I had a conversation with these two guys over break and for the first time, I picked up on the pervading insanity in the male species. Guys are nuts. But I know girls are nuts too.
I don’t know. I’ve been feeling bitter; really fucking bitter about the existence of relationship dynamics and the fact that having one is important to me at all. I hate all the heartache I’ve felt and caused myself in pursuit of attaining one and losing.
Sometimes it sucks to have this nonchalant attitude masking this potent sensitivity. But it would make sense that my character developed precisely to mask what I perceived to be my most glaring flaw.
I wish I had a place to run to or close friends to rely on. But I have really shitty things to say, and I don’t trust people to understand or sympathize with this pain I feel as a result of over-indulging in what I thought at the time to be glamour.
Maybe it started before that, and the mistakes I’ve made in adolescence just give me an excuse to be sad. But when a boy misreads my overtly flirtatious humor and tries to convince me I led him on, it makes me want to starve myself. It makes me resent the presentation of self I’ve developed, and though I have control over how I act, certain mechanisms are so engrained without them I feel naked.
At one time starving myself was my defense mechanism and because distracting myself from hunger pangs was always on my mind, I never felt naked. Maybe that’s what a relationship is for me in some ways; just a constant, something or someone I know will always be there. It’s sick. I was sick. But we’re all sick in some ways. We all find self destructive coping mechanisms and I’m often afraid to talk about mine because well: I don’t care for the skeptical glares that come when I mention drugs, or the ambiguity people offer when talking about sex and relationships, or the fucking eye roles when talking about eating disorders. Just in general, I fear to face apathy when sharing shitty experiences and I don’t want to have to defend my intentions.
The worst part is all three of those, though they stem from deep rooted insecurities and complex psychological agendas, are also tied to very vein and superficial motivations. I can’t help but be disgusted with myself when I think about all the stages of self-destruction I consented to take part in.
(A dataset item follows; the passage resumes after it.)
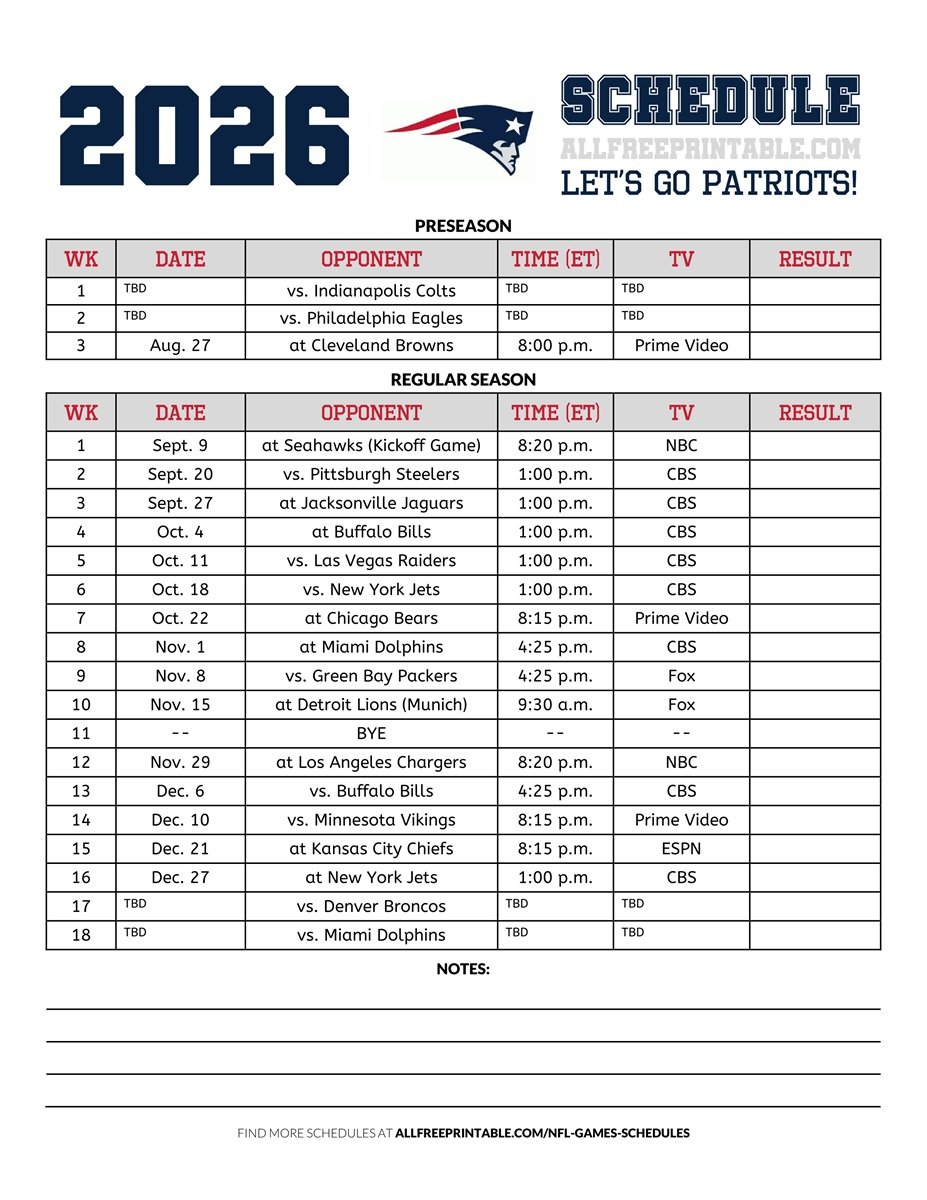 Free Printable 2026 New England Patriots Schedule PDF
I wish I could rest. Find a place to drop my baggage off and a person that made me feel wonderful and valuable. But looking for that safe haven seems to add to the desperation to find one. It’s just another self-destructive project to keep me company in the empty moments. But what isn’t? What is the right balance of self-care and social intrigue that will illuminate the bitterness and let me feel all warm and fuzzy?
No one has the answer. Because everyone on this planet is equally confused they are just more or less delusional in their reductionist theories. And I know I have not been adhering to anything close to what I understand to be a good balance. But I am better than I was last semester, I am building strength. It’s just frustrating sometimes to not be as strong and unaffected as I want to be, and then feel the consequences of the action I take in moments of weakness.
Nothing major, just times I elected to play instead of work take a toll on my self-worth. But writing helps. I hope you understand. I hope you care.
I have a hard time trusting people to actually give a *** when they have nothing to gain from caring. Compassion is submission of self, and who want to take off their armor in this crazy cut-throat world. I don’t. And I project my feelings and philosophies which I have come to understand, onto the entire human race. I hate my own sadness so I assume everyone else must hate my sadness too. But I think there is tremendous potential for growth in challenging that error in thinking. Because it’s not the sadness that drove me to act against my health, it was the refusal to sit with it and the great lengths I was willing to go to in order to deny it.
So there it is my break in an emotional hologram of a nutshell.